My friend’s baby had been sick, and since I am a nurse (who thanks to my own daughters needs owns a suction machine), I offered to swing by and suction her baby. My friend declined, but later, when I offered again she asked me to come. Once I had finished and her sweet baby was able to eat better, my friend said “I don’t know why I didn’t just say yes in the first place, she’s eating better than she has all day. I guess maybe I didn’t want to bother you or ask for help?”
I think we can all relate to this. When did HELP become a dirty four-letter word that we aren’t supposed to use? I was never taught to NOT ask for help, yet it has taken me a long time to get on board with the reality that I live a crazy life and I NEED help.
Needing help often comes with some kind of shame, a fear maybe that others might think I was weak? Or maybe I believe that somehow, I got myself into “this mess” so I don’t deserve help?
Regardless, if you are reading this blog especially as the parent of a child with special needs… YOU NEED HELP. You are absolutely worthy of help. And while our kiddos can be more challenging, exposing them to people outside of ourselves is a huge benefit to all involved. It helps our kiddos have other adults in their lives that can love them well. It helps us carry some of the burden. I know from experience that caregiver fatigue is a real thing. What a gift to the people who get to know our kiddos. It feels good to help those around us, and by saying YES to the offers of help, it builds community and relationship. Plus, our kiddos are amazing even with the hard, and the world NEEDS to know them.
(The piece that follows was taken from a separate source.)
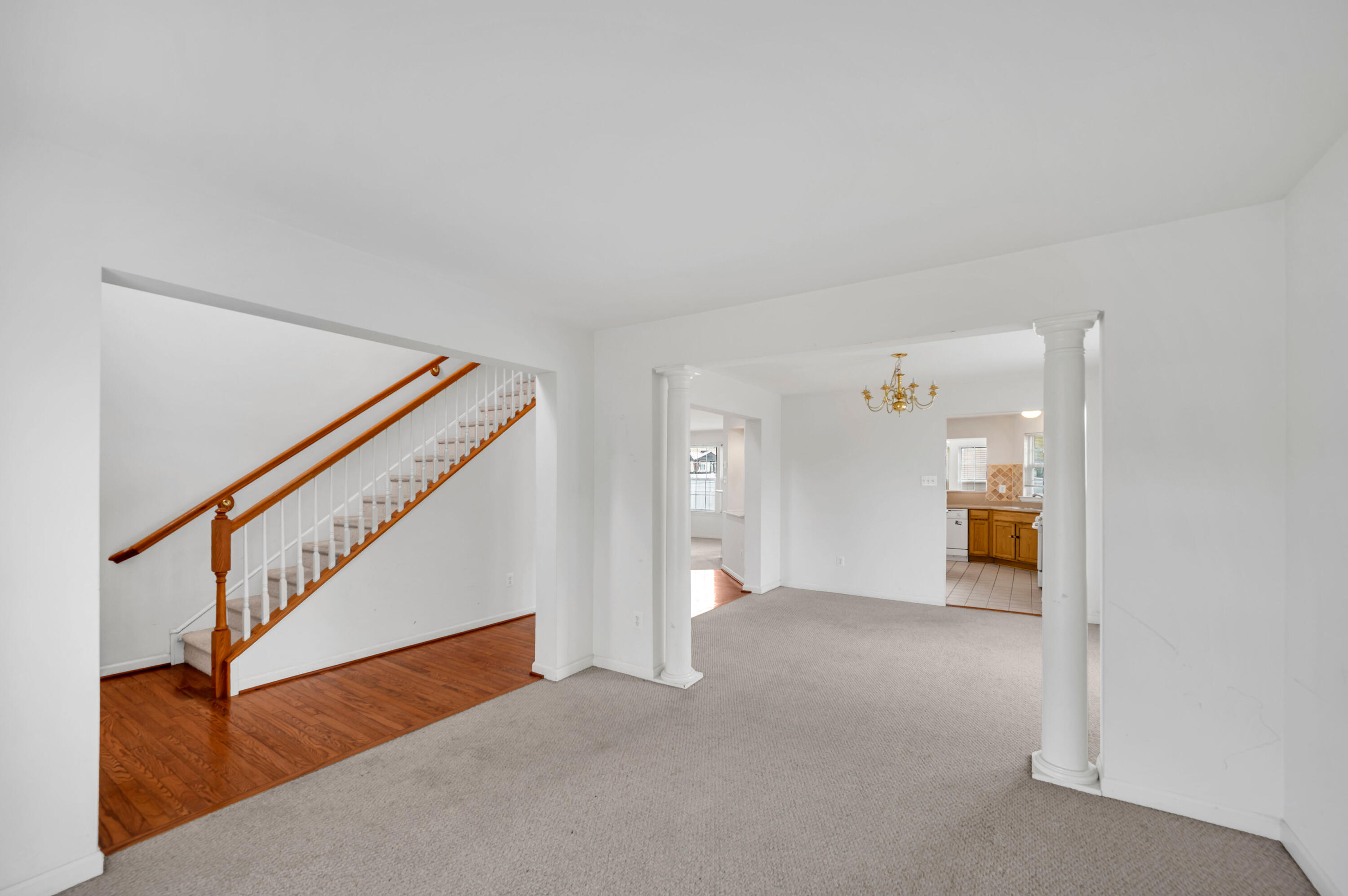 1179 Blair Road Bethlehem, PA 18017 - Photo 5 of 41 a view of an empty room with wooden floor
When someone asks what they can do to help me I sometimes don’t know where to start. It gets to a point in this chronic life that it feels like more work than relief teaching someone about our lives. But I promise that it can be worth it. And maybe that means I say YES when someone offers a meal, or I say YES when the neighbor asks if she can pick up my other daughter from school. When I find myself saying “I can do it” I am learning to pause and say, “Yes! I would love the help.” It might even mean me reaching out to friends and family and ASKING for help, because I have now realized I am worthy of needing help.
I was so grateful to help my friend. I had the time to make it work, and I was truly blessed by getting to serve them.